Lockjaw #3 sees Dennis “D-Man” Dunphy and the Inhumans’ royal hound hurtling onto Larval Earth where they tangle with an anthropomorphic animal version of The Wrecking Crew and meet The Spectacular Spider-Ham! Does the latest episode of Lockjaw and D-Man’s journey bring as many laughs and thrills as the previous two issues?
The premise alone had me chuckling, and the execution was even funnier. So far in the series there’s been a pattern of dividing the issues into half-action, half-dialogue driven scenes where the plot moves a bit. This issue is no different and Lockjaw and D-Man’s fight with The Wrecking Zoo is hysterical and well scripted. Writer Daniel Kibblesmith capitalizes on every pun he can with members of The Wrecking Zoo like “The Whisker,” who is a whisk-wielding cat. Each member of the Zoo is more ridiculous than the last and are perfect foes for the equally ridiculous Spectacular Spider-Ham. I would love to see Kibblesmith on a Spider-Ham series after this with The Wrecking Zoo returning and whatever other animal-villains he would want to throw in because all his jokes land, even the groan-inducing ones.
Once things calm down, the issue’s second half consists of mostly plot-driven dialogue, but it never feels uninteresting. We learn a lot about why Lockjaw is hopping around dimensions and are introduced to who the likely antagonist for the series as a whole is. Even the less action-packed moments have plenty of jokes, so though some readers may not like the sudden slow-down for the sake of explanation, I didn’t mind the pace change at all. I’m happy to learn what Lockjaw’s motivations have been this whole time and though he looks silly, it’s nice being reminded of how smart he really is.
Speaking of how silly he looks, penciler Carlos Villa brings his usual A-game to drawing Lockjaw and all the crazy animals that appear in this issue. Lockjaw’s expressions on the opening page are so cute, so ridiculous, so exactly what I want Lockjaw to look like. Villa’s Lockjaw has set a new bar when it comes to conveying how adorable, slobbery, and majestic Lockjaw should look like and his face is so expressive throughout, there’s no issue with his lack of dialogue at all. All the environments look clean with just the right amount of detail and even the more dramatic scenes that have a totally different mood than usual looks great.

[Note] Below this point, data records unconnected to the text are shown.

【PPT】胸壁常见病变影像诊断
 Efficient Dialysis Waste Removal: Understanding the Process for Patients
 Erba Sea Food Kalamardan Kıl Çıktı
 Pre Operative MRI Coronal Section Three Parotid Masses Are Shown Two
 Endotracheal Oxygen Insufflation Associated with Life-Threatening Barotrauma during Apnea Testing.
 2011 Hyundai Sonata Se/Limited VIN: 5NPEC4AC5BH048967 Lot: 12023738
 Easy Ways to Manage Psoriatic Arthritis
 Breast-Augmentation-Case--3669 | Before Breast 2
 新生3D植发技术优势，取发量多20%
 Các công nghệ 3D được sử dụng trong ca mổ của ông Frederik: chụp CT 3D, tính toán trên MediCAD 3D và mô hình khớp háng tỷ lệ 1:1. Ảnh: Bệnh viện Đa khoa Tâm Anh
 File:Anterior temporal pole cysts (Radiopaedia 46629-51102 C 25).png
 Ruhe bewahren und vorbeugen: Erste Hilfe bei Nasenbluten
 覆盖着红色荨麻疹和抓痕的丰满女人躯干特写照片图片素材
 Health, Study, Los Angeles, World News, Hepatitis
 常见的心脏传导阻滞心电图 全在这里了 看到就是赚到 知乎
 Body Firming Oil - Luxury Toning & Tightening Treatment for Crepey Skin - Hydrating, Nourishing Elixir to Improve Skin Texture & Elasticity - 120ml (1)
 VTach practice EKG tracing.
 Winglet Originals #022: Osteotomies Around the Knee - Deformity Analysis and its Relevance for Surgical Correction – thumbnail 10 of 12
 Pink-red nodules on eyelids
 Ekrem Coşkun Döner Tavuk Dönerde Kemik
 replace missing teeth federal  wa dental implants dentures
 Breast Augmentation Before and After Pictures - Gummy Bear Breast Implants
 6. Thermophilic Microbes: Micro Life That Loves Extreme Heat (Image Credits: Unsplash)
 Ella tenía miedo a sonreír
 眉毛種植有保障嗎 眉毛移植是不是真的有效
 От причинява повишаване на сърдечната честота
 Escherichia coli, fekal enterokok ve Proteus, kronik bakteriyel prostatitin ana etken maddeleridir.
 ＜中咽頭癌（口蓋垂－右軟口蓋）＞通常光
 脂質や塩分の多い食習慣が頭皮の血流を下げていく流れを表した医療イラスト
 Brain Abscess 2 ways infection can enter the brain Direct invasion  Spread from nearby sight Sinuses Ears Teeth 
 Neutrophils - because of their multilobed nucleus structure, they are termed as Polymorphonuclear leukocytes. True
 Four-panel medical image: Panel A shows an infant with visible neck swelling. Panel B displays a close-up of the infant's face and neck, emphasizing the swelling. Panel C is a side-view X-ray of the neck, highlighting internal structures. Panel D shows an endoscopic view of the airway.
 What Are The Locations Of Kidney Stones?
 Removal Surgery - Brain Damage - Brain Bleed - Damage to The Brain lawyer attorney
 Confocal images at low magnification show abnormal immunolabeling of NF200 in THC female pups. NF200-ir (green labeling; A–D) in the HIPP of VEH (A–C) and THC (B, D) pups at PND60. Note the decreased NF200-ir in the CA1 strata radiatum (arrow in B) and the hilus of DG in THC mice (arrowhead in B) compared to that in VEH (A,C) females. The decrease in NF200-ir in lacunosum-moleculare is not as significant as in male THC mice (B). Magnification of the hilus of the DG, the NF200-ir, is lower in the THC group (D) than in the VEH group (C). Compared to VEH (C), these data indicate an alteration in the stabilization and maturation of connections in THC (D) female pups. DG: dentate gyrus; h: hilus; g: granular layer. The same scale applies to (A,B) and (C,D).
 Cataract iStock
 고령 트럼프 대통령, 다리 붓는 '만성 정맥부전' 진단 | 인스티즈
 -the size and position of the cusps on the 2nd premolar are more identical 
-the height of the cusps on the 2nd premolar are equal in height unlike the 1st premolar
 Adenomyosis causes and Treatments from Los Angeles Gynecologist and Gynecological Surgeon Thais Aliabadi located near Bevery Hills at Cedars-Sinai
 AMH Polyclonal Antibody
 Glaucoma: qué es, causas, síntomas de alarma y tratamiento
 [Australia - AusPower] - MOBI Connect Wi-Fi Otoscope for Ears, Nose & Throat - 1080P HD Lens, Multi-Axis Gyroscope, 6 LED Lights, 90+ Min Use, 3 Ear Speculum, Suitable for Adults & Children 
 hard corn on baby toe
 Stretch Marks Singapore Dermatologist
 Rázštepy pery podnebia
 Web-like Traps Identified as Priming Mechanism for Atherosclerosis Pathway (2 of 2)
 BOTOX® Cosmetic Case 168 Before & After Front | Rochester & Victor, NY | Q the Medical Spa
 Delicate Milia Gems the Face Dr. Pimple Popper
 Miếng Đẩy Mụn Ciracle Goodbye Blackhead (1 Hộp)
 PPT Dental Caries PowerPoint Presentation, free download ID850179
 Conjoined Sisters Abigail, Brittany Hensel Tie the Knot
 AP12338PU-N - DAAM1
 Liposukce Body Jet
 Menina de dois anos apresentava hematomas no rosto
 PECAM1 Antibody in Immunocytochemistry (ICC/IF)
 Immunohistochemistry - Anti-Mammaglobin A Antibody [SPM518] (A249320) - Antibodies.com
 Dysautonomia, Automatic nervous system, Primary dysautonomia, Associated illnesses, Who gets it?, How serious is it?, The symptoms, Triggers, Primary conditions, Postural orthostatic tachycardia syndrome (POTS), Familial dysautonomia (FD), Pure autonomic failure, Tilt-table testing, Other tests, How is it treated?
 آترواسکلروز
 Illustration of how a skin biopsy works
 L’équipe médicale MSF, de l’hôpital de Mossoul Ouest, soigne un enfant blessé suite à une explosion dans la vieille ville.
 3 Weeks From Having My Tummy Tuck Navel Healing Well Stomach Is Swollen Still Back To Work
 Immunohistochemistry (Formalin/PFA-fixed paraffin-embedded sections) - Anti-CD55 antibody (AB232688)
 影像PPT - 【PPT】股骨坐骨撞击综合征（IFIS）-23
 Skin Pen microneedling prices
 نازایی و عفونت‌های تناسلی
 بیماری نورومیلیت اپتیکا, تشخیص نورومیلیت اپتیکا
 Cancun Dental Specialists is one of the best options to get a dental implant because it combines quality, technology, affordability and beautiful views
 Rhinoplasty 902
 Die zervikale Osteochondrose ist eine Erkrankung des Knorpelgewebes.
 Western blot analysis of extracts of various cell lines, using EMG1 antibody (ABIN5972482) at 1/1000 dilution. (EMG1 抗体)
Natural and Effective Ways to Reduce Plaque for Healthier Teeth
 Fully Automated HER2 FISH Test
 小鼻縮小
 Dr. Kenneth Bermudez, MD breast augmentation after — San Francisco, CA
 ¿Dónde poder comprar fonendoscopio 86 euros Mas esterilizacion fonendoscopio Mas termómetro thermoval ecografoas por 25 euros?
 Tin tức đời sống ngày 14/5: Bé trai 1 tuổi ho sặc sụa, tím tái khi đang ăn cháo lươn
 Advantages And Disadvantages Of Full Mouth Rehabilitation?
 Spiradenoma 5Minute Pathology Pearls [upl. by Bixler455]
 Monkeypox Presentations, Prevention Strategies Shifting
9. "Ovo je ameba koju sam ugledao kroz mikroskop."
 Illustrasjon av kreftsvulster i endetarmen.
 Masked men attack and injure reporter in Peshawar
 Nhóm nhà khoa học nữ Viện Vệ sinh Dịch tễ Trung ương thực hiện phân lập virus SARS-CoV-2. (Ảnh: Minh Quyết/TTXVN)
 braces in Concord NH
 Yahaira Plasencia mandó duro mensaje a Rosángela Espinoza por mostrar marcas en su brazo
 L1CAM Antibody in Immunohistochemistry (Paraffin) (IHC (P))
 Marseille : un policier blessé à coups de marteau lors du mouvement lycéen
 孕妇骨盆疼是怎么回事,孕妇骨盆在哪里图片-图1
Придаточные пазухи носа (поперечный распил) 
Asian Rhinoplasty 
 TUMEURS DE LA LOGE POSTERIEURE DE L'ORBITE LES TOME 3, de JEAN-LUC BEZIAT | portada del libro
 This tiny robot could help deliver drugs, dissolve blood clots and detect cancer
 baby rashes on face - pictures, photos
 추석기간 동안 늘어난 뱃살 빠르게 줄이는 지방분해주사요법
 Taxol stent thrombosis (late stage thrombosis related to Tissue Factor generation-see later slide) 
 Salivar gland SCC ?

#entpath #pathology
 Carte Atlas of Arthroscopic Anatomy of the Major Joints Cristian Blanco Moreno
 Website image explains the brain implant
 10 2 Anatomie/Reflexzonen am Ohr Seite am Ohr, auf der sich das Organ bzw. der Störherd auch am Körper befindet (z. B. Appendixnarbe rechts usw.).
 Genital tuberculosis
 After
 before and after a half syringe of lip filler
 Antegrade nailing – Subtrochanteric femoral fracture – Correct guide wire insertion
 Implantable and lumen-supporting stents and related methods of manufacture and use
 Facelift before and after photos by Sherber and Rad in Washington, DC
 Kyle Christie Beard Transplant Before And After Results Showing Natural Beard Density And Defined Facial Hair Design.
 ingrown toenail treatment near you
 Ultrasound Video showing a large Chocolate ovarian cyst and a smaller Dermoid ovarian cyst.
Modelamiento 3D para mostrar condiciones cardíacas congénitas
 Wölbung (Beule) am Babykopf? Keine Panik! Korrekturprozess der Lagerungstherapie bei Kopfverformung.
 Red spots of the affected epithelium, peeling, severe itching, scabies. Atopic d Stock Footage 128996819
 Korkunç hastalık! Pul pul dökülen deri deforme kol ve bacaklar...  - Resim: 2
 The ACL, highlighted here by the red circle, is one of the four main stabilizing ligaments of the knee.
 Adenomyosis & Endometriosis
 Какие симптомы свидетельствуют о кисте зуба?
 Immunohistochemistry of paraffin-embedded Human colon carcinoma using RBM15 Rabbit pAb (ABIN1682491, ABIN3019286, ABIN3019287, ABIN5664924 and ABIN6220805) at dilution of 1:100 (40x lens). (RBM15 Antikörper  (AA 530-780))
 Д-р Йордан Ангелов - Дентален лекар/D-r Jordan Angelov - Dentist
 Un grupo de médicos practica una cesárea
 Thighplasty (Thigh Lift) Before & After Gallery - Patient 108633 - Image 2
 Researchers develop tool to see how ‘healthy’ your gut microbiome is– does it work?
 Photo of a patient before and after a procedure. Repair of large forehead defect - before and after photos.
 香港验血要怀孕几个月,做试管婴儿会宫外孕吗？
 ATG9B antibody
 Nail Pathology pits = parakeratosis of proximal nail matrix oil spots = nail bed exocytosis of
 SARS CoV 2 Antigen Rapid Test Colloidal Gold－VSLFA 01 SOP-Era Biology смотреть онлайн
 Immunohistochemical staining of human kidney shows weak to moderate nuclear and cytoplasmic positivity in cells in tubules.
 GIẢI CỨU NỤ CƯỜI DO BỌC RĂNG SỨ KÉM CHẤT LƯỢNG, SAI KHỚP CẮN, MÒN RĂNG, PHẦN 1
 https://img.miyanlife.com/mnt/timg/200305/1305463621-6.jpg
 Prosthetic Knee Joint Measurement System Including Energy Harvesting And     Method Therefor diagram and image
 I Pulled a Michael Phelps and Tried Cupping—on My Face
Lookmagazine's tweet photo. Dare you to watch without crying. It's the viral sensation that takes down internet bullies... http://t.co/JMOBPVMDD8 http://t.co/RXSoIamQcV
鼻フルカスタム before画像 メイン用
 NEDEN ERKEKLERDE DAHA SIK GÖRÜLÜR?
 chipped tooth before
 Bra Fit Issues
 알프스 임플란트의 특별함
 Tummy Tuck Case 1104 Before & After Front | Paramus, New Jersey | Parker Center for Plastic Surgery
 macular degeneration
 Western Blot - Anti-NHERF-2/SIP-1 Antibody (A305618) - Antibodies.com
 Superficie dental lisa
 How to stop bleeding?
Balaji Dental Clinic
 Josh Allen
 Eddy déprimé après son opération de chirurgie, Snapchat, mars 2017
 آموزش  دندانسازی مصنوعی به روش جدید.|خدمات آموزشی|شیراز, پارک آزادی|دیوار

Chris O’Halloran’s coloring maintains the cartoon-like mood throughout as usual, and his work on the dramatic scenes convey the washed-out, flashback feeling well. Clayton Cowles’s lettering continues to shine best when there’s a cartoony effect to be conveyed and Roberto Poggi’s inking adds a lot of great texture to clothes and shadows.
Overall, the whole team continues to bring their best to Lockjaw. I’m sad there’s only one more issue after this because it’s become one of my favorite lighthearted reads amongst Marvel’s selection. If you’ve enjoyed the series so far, this issue doesn’t disappoint at all.